I remember reading about some (not all) biab'ers experiencing loss of efficiency. I thought, well i need to keep the temp of the mash relatively stable, and if i stir it regularly i should be able to increase efficiency too. So if i put a return tube for the wort that releases it down into the grain, the temp should eventually remain stable (once the rig equalises) and this action should also resemble some kind of stirring benefit too.

I am coming from a 3v brewery, so i'm familiar with grain beds for clarity and lautering etc...I am more than happy to lose some clarity, to gain simplicity on my brewday provided my efficiency is not too different.

Typical efficiency for me into the fermenter on my 3V is 83%. Used the single vessel last brewday for the first time (without the aluminium basket though) and landed on 82%. Drained and squeezed the bag, and poured maybe 4-6litres over the top of the bag hoping to extract some trapped sugars. This time though using the basket, i'll be able to open the bag with the basket hanging off my pulley, and pour the sparge water straight through the grain. I'm expecting a higher efficiency next brewday (this weekend). Not necessarily a big increase, but i'm sure i'll hit 85%, in which case i'll be stoked.

Based on a wet run using just water, i'll be able to knock out two cubes in 3.5hrs or less, and bugger all to clean up and pack away.


That basket is exactly what I've been looking for, but couldn't find, for my 40l Birko BIAB set-up.

My efficiency at the moment is crap, 55%ish, and easily sparging into the bag-in-the-basket would help. Plus no un-even draining from the bag down the outside of the kettle once its hoisted, I'm guessing?

Do you remember how much you paid ? I'd be looking for something 360mm H by 320mm W.

Great setup btw
 
That basket is exactly what I've been looking for, but couldn't find, for my 40l Birko BIAB set-up.

My efficiency at the moment is crap, 55%ish, and easily sparging into the bag-in-the-basket would help. Plus no un-even draining from the bag down the outside of the kettle once its hoisted, I'm guessing?

Do you remember how much you paid ? I'd be looking for something 360mm H by 320mm W.

Great setup btw

Thanks mate, glad you enjoyed this thread.

That basket cost me $50. I got it from a fishing store in my town, and the owner was happy to sell it to me for half the price of the complete crab cooker setup, as i wasn't interested in the pot it was with.

Not all stores will do this though. Try your luck, see how you go.

Diameter of the basket is 350mm, Depth is 280mm.

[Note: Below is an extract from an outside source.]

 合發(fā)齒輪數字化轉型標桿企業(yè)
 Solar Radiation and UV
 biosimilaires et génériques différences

I've put 4 SS bolts in the bottom of it to support it just above the elements so i don't need to use a colander, and it should also allow better heat distribution through the vessel.

Cheers,

Nath
 
Danwood, if you are only getting 55% eff with biab in an urn then something in your procedure or ingredients has to be wrong .

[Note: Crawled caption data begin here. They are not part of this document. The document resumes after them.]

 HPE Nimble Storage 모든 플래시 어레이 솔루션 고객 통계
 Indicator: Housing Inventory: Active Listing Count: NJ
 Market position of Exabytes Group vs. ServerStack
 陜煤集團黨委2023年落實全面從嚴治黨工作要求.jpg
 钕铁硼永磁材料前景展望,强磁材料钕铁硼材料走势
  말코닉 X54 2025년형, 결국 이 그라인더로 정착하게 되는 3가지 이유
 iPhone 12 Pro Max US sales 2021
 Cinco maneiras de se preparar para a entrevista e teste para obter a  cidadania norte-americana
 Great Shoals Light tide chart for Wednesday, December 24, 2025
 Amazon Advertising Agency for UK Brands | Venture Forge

How fresh is your grain? What is your mill setting? Is your thermometer calibrated? What mash schedule are you using?

If you can post some figures from your brewday and what you do myself and others may be able to improve those figures for you.

Not sure of the dimensions of the birko but i have converted my crown urn into a braumeister copy ( blackdog brewmaster thread if you are interested) and use a bigw 19 l stockpot ($20) as the malt pipe, you could easily driil this pot as its thin, or cut some slots in it, cheaper alternative than most.

Cheers
sean
 
Ok, thanks for the offer, Sean. And thanks in advance to others for advice offered.

I'll refer to the last recipe I did, which had a typical efficiency problem.

Weizenbock recipe from Jan-Feb BYO Mag, slightly adapted to the stock I had.

Birko 40l Urn BIAB, single step infusion, no mash out (should I ??), no sparge.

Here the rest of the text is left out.